▶ [BRIEF] From the records below, please print only the lines from the one containing "Хоккейный костюм" through the one containing "Valais Blacknose Sheep Suitcase", both included. Skip the pictures.

▶ [RECORDED DATA]
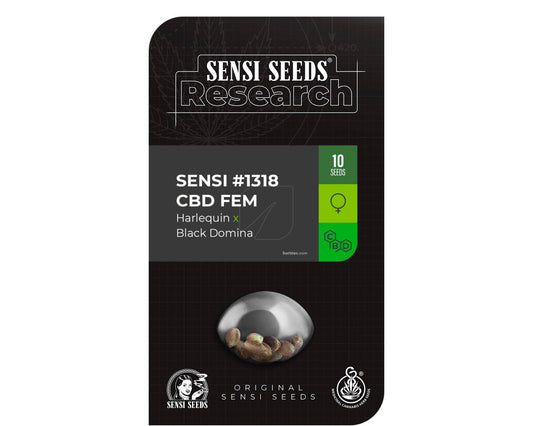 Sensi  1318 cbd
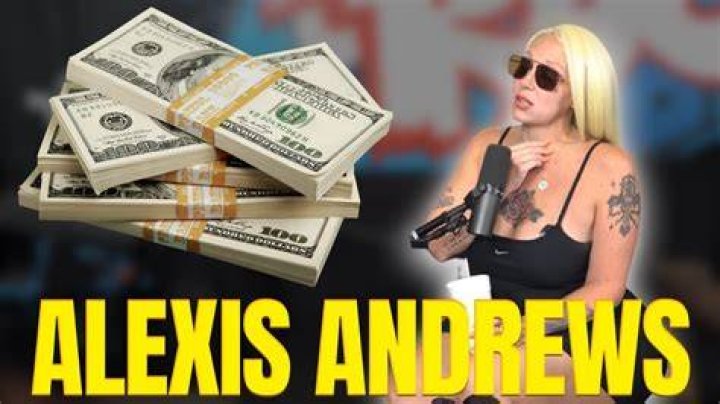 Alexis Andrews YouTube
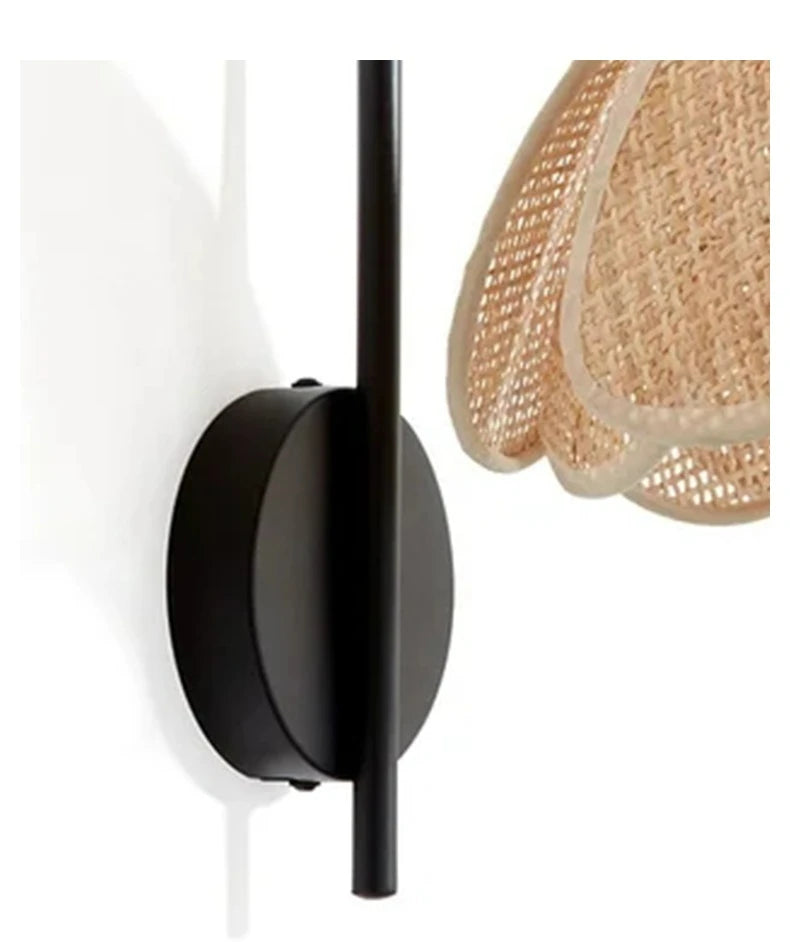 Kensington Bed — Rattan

--

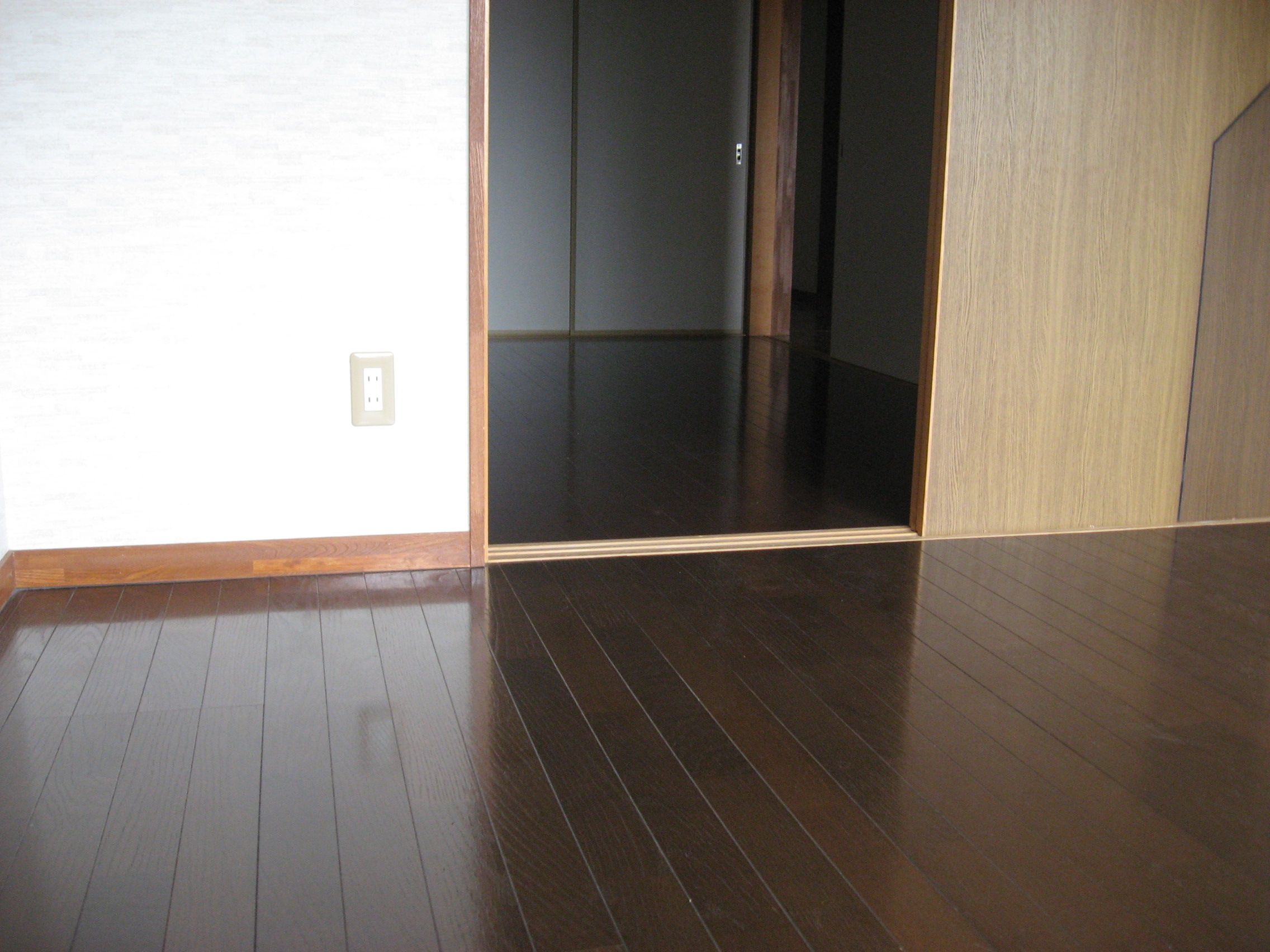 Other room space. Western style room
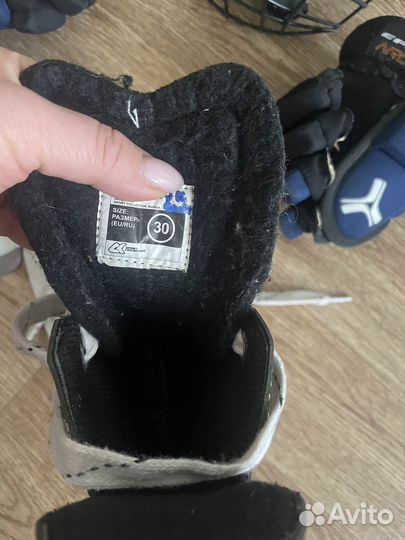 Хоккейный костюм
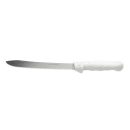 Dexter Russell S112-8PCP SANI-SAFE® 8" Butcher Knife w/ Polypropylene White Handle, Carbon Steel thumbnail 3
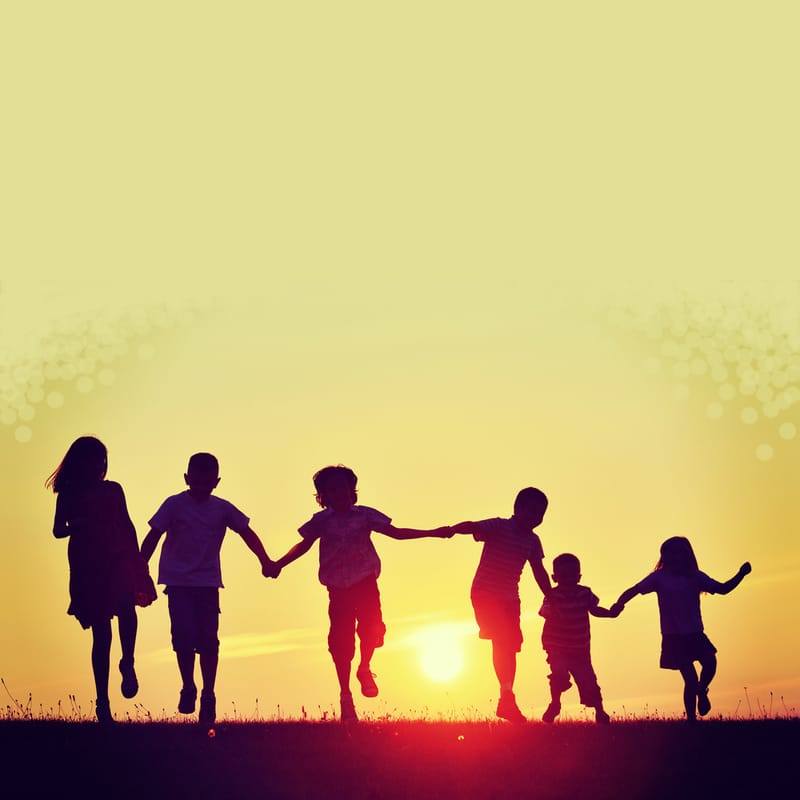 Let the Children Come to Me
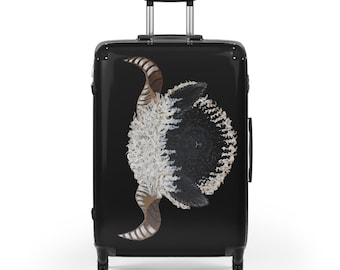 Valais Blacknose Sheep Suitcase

* * *

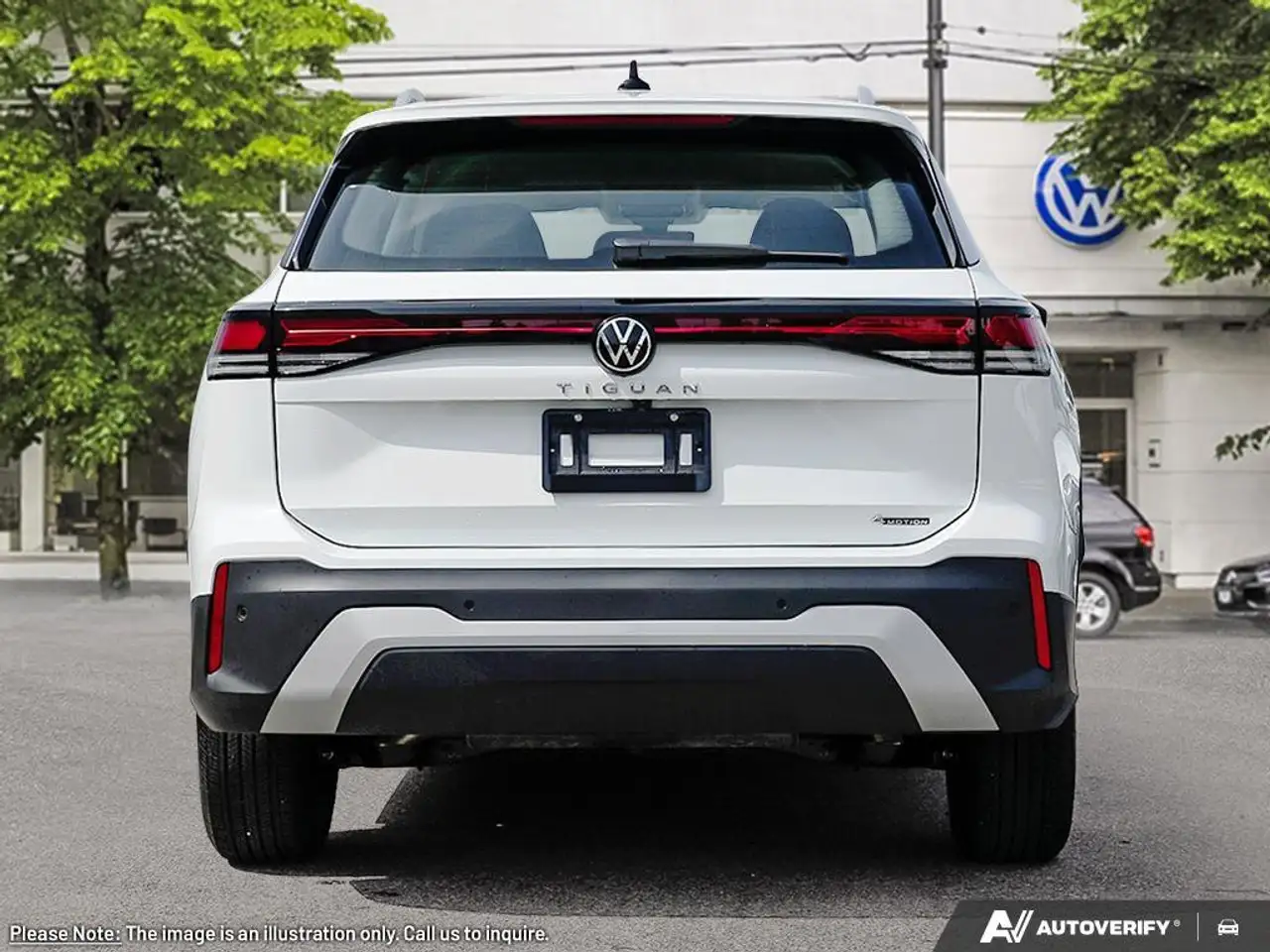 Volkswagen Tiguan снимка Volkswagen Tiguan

▶ [EXERCISE RESULT]
 Хоккейный костюм
 Dexter Russell S112-8PCP SANI-SAFE® 8" Butcher Knife w/ Polypropylene White Handle, Carbon Steel thumbnail 3
 Let the Children Come to Me
 Valais Blacknose Sheep Suitcase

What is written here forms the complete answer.